Unusually for modern pop records, this beast needs to be experienced in one sitting, preferably with a range of mood-enhancers at your disposal. Perhaps that’s red wine and soft lighting or incense and chilled mineral water – regardless of what your selections are, strap yourselves in for an ‘album experience’ in the same vein as a Rain Dogs or a Tago Mago. In fact, Rain Dogs is quite close to what this album does, thematically. It batters you with a series of loosely-linked, first person narratives that explore the darkest sides of the human condition.
The band – Geordie Greep (guitar, vocals), Cameron Picton (bass, vocals), and Morgan Simpson (drums) – give themselves numerous opportunities to explore their most adventurous desires throughout this thing. Greep’s lyrics are particularly potent on Welcome To Hell, which is fitting, considering the music of the track alternates between Les Claypool mayhem and Stravinsky-inspired grandeur.
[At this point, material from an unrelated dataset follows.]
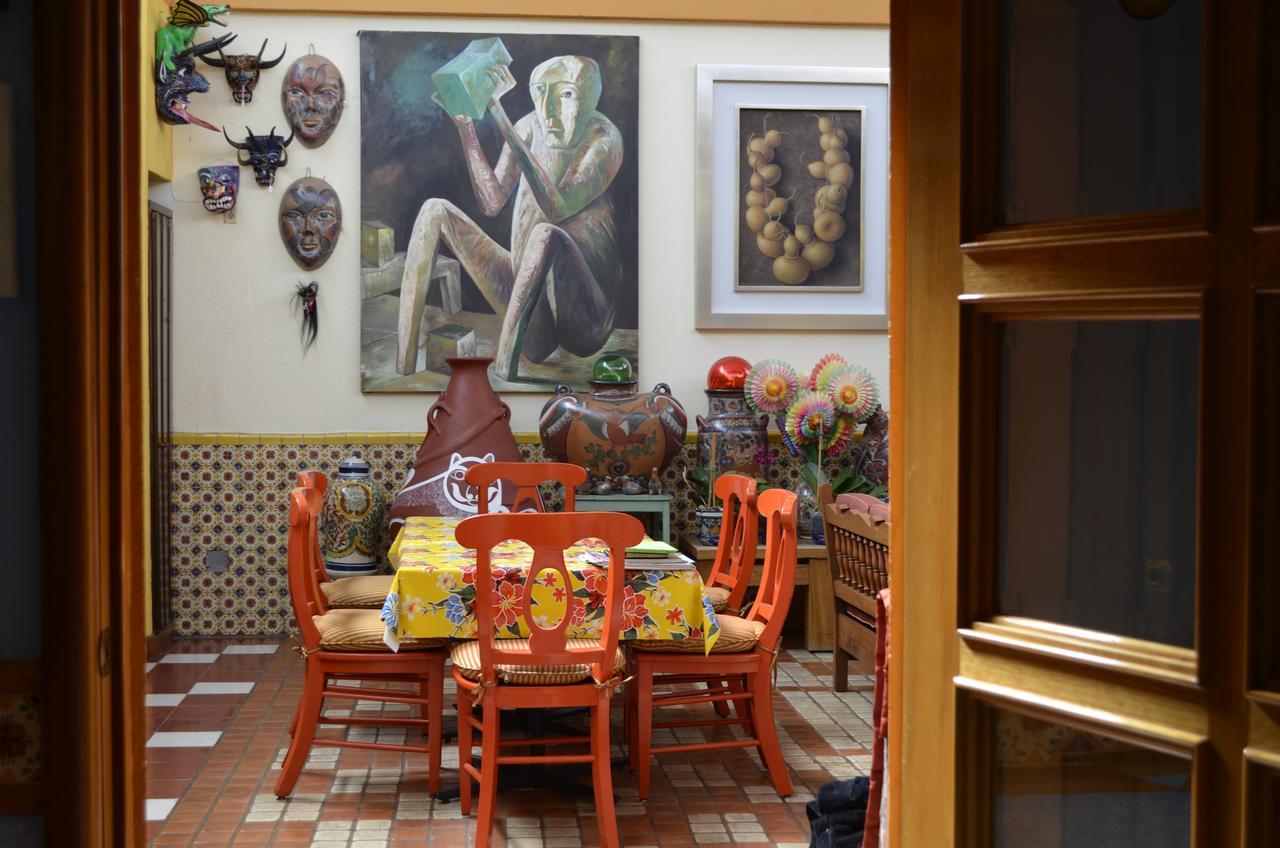 Casa De Las Flores Bed & Breakfast Tlaquepaque Dış mekan fotoğraf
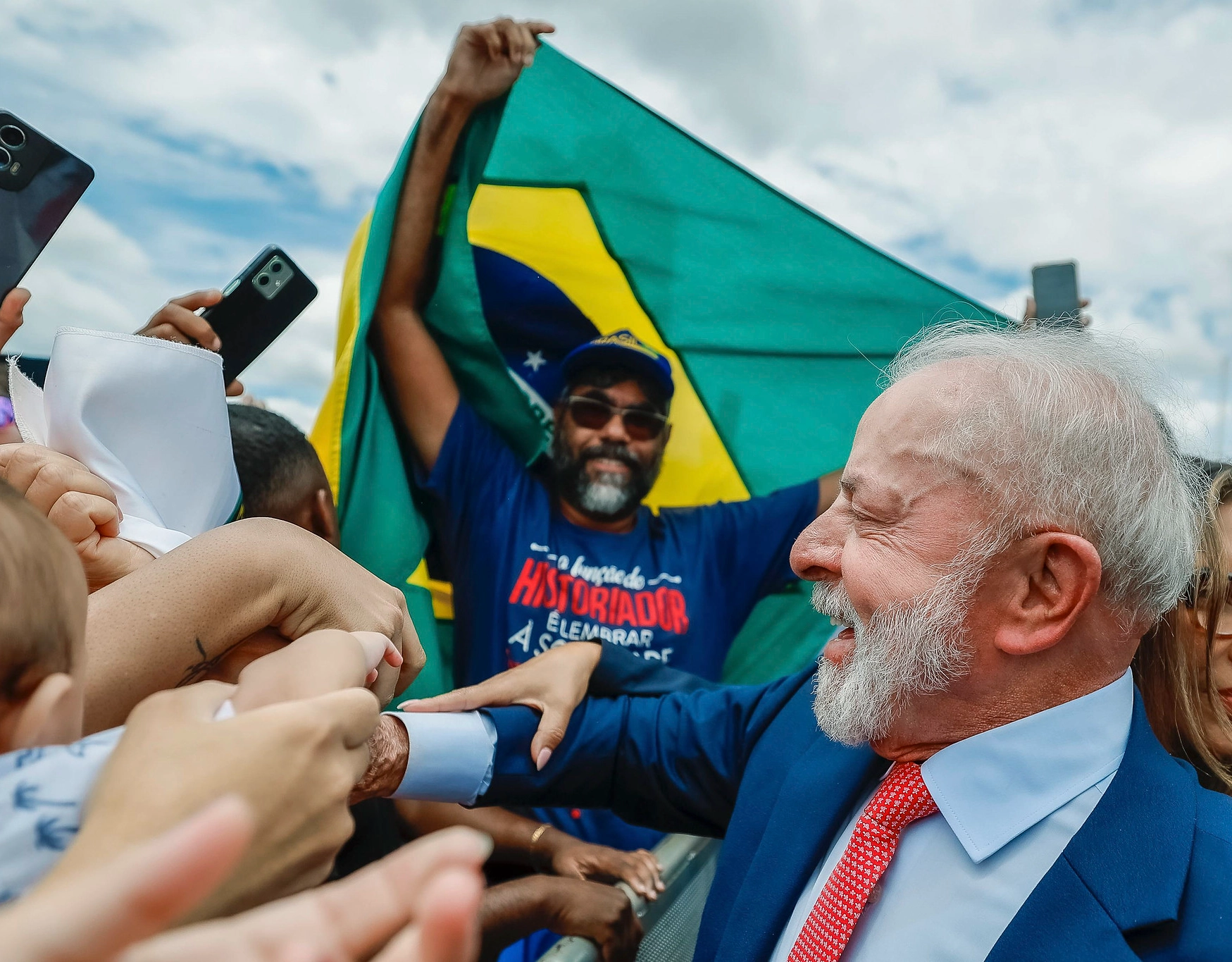Lula diz que 8 de janeiro simboliza a vitória da democracia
Sugar/Tzu alternates between soft crooner pop and brain-bleeding prog metal, but a more terrifying blend comes in the shape of Dangerous Liasons. Despite it being one of the more accessible songs in the Black Midi canon, with the noise terror kept to only a few seconds at a time, the whole air of the song is sinister and unnerving.
When the band bless us with a mild respite from the chaos – as on mid-album highlight Still – you’re never entirely sure whether they’re genuinely attempting to sooth you or whether they’re simply lowering your guard for whatever chaos comes next. As it turns out, it’s usually the latter. The Race Is About to Begin, which follows, is absolutely mind-meltingly intense. The vocals alone are terrifying in their relentlessness during the first half, before it descends into sinister Frank Sinatra schmaltz. Despite all their pronounced and recognisable influences, it becomes clear over the course of this thing that there is no other band in the world quite like this.
Not quite their strongest set (I’d still go for Schlagenheim), but easily head and shoulders above what many bands are making in the world right now, Hellfire is a superb and strangely seductive album that adds another gem to the crown of a band who are fast becoming one of the very best of their era. Mystifying, terrifying, essential listening.